Abstract

Coronary heart disease (CHD) is relatively rare in black populations in Africa and is a much less significant cause of morbidity and mortality in black populations in the Caribbean than in U.S. blacks. The incidence of CHD appears to be increasing in segments of some black populations in underdeveloped countries, concurrently with certain patterns of socioeconomic change. Hypertension, hypercholesterolemia, and cigarette smoking are not as common in most of these black populations as in white populations in industrialized countries, although certain affluent groups in African and Caribbean countries have higher levels of some of these risk factors than do the rest of the population. Moreover, the impact on CHD of these risk factors, especially hypertension, appears to be less than is observed in industrialized countries. The absence of mass hyperlipidemia probably accounts for the lower prevalence and incidence of CHD. A policy of primordial prevention of CHD, by control of risk factors and preemptive action to prevent their establishment in the population, has been recommended to Third World governments by a World Health Organization Expert Committee. The need for such a policy, and its applicability in black populations in Africa and the Caribbean, are limited by their socioeconomic situations. Thus for practical purposes, the deteriorating economic situation in the low-income countries (the majority) of sub-Saharan Africa and the Caribbean restricts the possibilities of adverse risk factor changes.

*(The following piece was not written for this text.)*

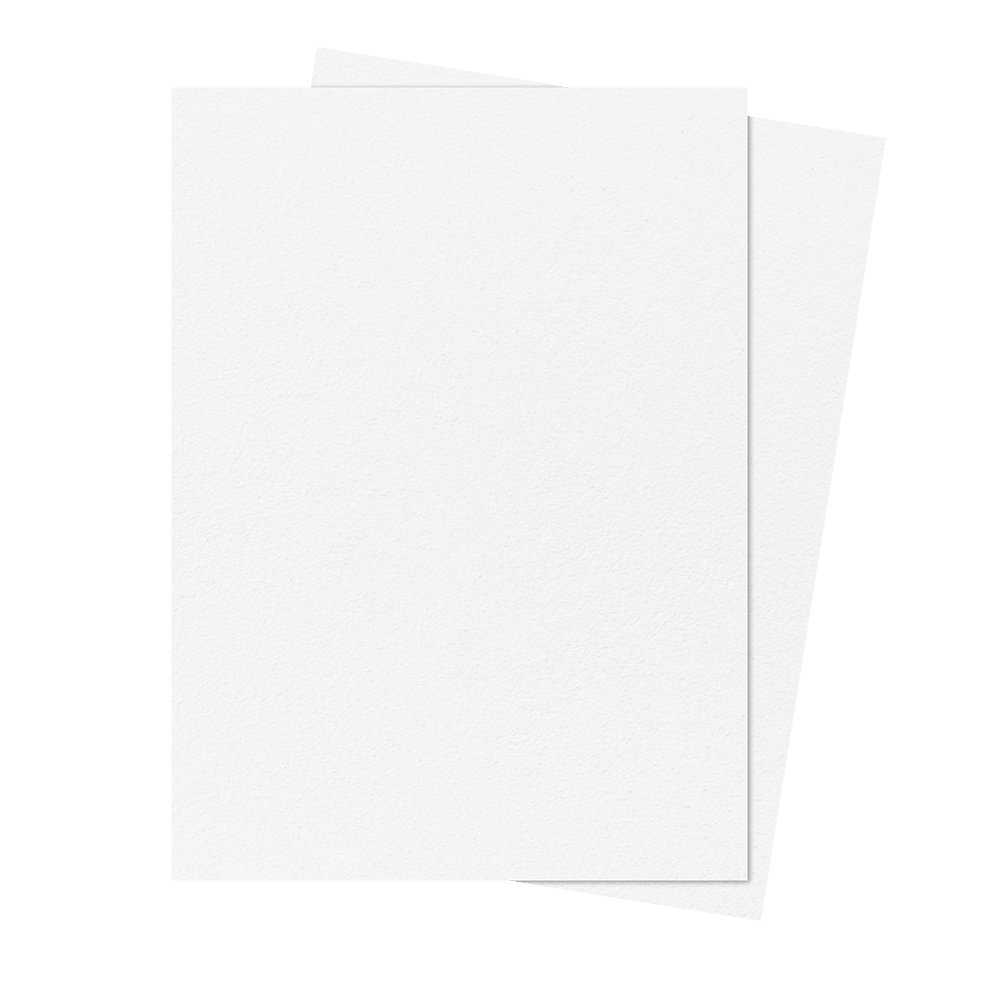 ECLIPSE® Gloss Small DECK PROTECTOR® Sleeves: Arctic White - 60ct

In particular, the widespread assumption of the food consumption patterns typical of industrialized countries and the development of mass hyperlipidemia are effectively prevented. In contrast, attempts to foster or maintain desirable food consumption patterns are warranted in middle-income African and Caribbean countries, especially among newly affluent minorities. In all of these territories, primary prevention of hypertension, especially in urban populations, is the ideal approach to the primordial prevention of cardiovascular diseases, of which CHD is a small component.